Usually, you can get up to 70 per cent of the value as a loan. This loan can be used for anything travel, business, education, or emergencies.

The best part is your funds stay invested. You continue to earn returns while using the borrowed money.

How Is It Different From A Personal Loan

A personal loan is unsecured. It is based on your credit score, income, and job profile. Interest rates are higher because of the risk.
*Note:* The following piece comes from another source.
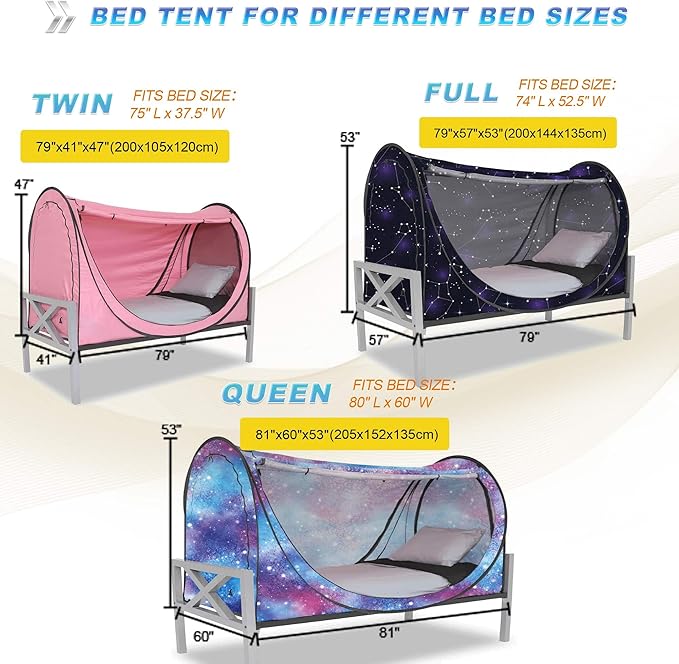 Privacy Pop up Eclipse Bed Tent Bed Drapes (Unicorn Galaxy, Full)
On the other hand, when you apply for a loan on mutual fund, you provide security. This reduces the risk for the lender. That is why such loans usually have:

  • Lower interest rates
  • Faster approval time
  • Longer repayment flexibility

It is ideal for people who want money quickly but do not want to close or redeem their investments.

How To Apply?

Getting started is easy. Most banks and apps now support the digital pledging of mutual funds. Here is a simple guide:

  1. Log in to your preferred loan app or banking platform.
  2. Select “Loan against Securities” or a similar option.
  3. Choose “Mutual Fund” as the security.
  4. Enter your fund portfolio details.
  5. Select the loan amount and tenure.
  6. Submit and wait for approval.

Once approved, the money is credited directly to your account.

Things You Should Know

Before you take this step, here are some important points:

  • Not all mutual funds are accepted. Liquid and equity funds are preferred.
  • If the fund value drops too much, you may need to pay extra to maintain the margin.
  • You cannot redeem the pledged funds until the loan is closed.
  • Regular interest needs to be paid, just like any other loan.

Using this method for a short-term requirement is usually safer than redeeming long-term investments.

Benefits At A Glance

  • Keep your investments active.
  • No need to liquidate for short-term needs
  • Lower rates compared to credit cards or personal loans
  • Completely digital in most cases
  • Flexible repayment based on your cash flow

This is why more investors are choosing this route during cash crunches.

Final Word

Using mutual funds as collateral for a loan on mutual fund is a smart way to handle your finances. It helps you avoid breaking investments and keeps your long-term goals intact.

When planned well, this is better than applying for a personal loan, especially when you already have a solid mutual fund portfolio.